■ DATA EXTRACTS:
========

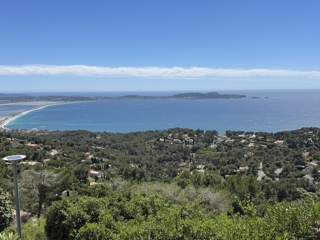 Vente  Studio de 26 m² à Hyères 201 000 euros Réf: SFN-2022549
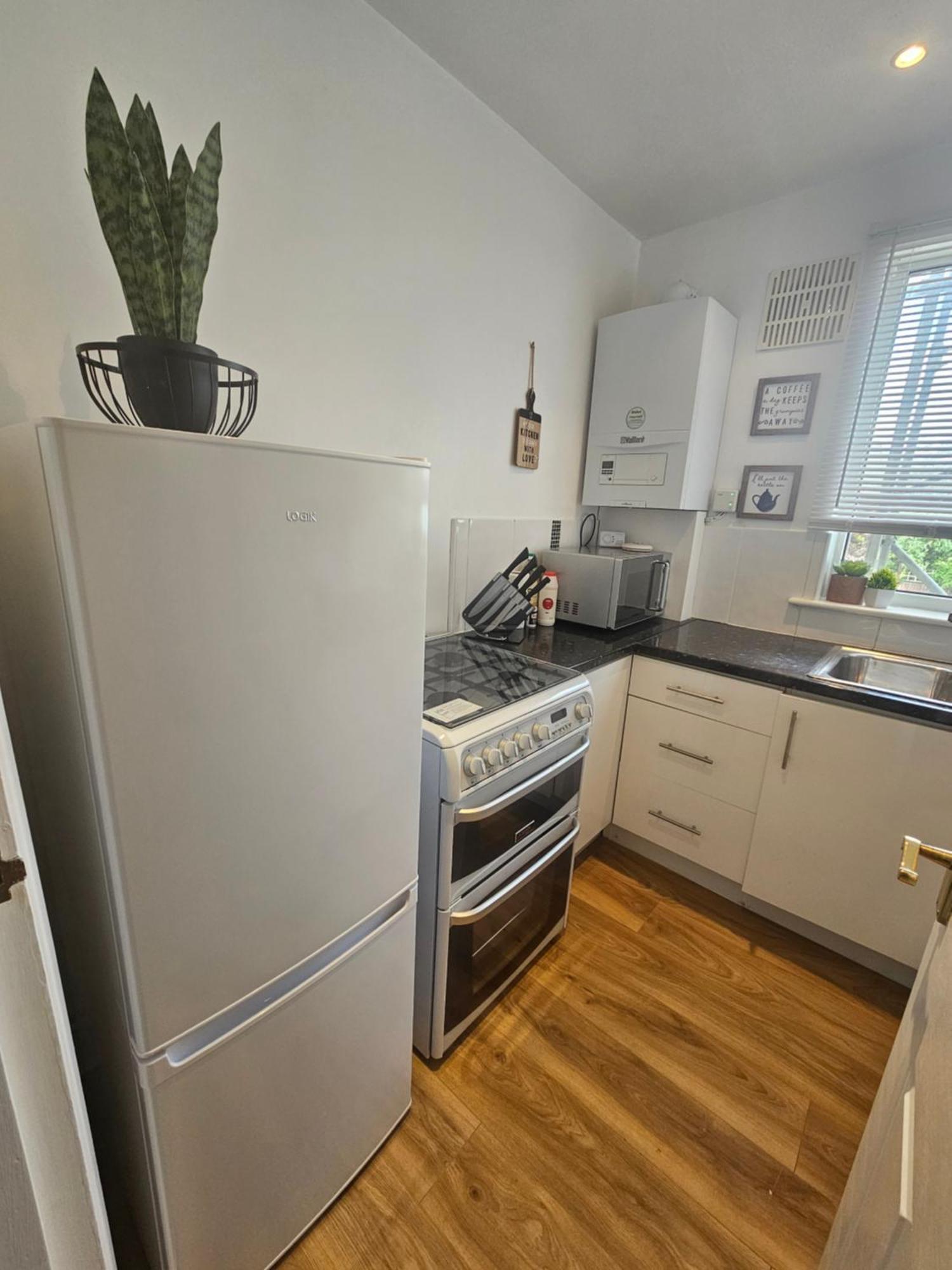 St Albans City Stays - Near Luton Airport - St Albans Abbey & City Train Station - Close To London- Harry Potter World - The Odyssey Cinema - Abbey Cathedral- Contractors I Business I Leisure- Sleeps Upto 6 People Εξωτερικό φωτογραφία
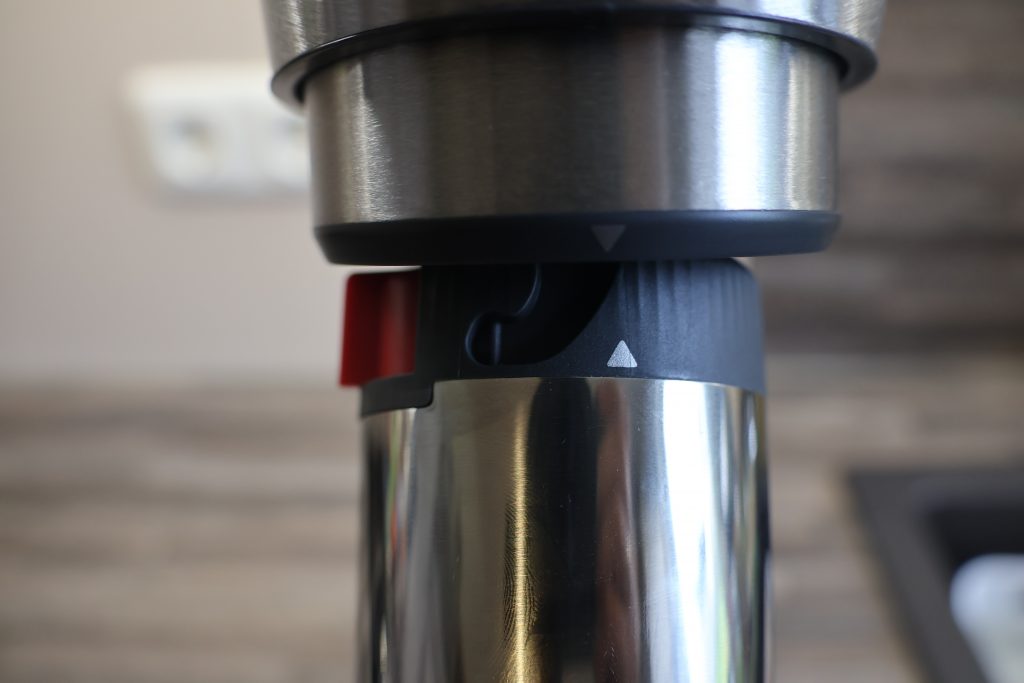 Sage InFizz Fusion Wassersprudler Eindrehen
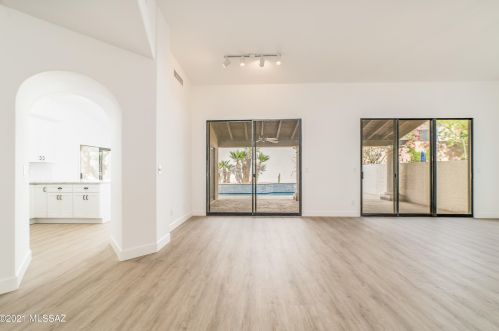 5860 Bright Star Dr, Tucson AZ  85718-3429 exterior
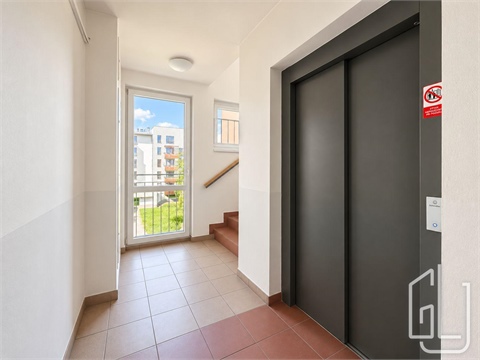Prodej bytu 3kk, 94 m² - 18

========

■ PROBLEM:
Reproduce the records above from their first line to the line bearing "Sage InFizz Fusion Wassersprudler Eindrehen", both ends included, leaving every picture out.

■ RESULT OF THIS EXERCISE:
 Vente  Studio de 26 m² à Hyères 201 000 euros Réf: SFN-2022549
 St Albans City Stays - Near Luton Airport - St Albans Abbey & City Train Station - Close To London- Harry Potter World - The Odyssey Cinema - Abbey Cathedral- Contractors I Business I Leisure- Sleeps Upto 6 People Εξωτερικό φωτογραφία
 Sage InFizz Fusion Wassersprudler Eindrehen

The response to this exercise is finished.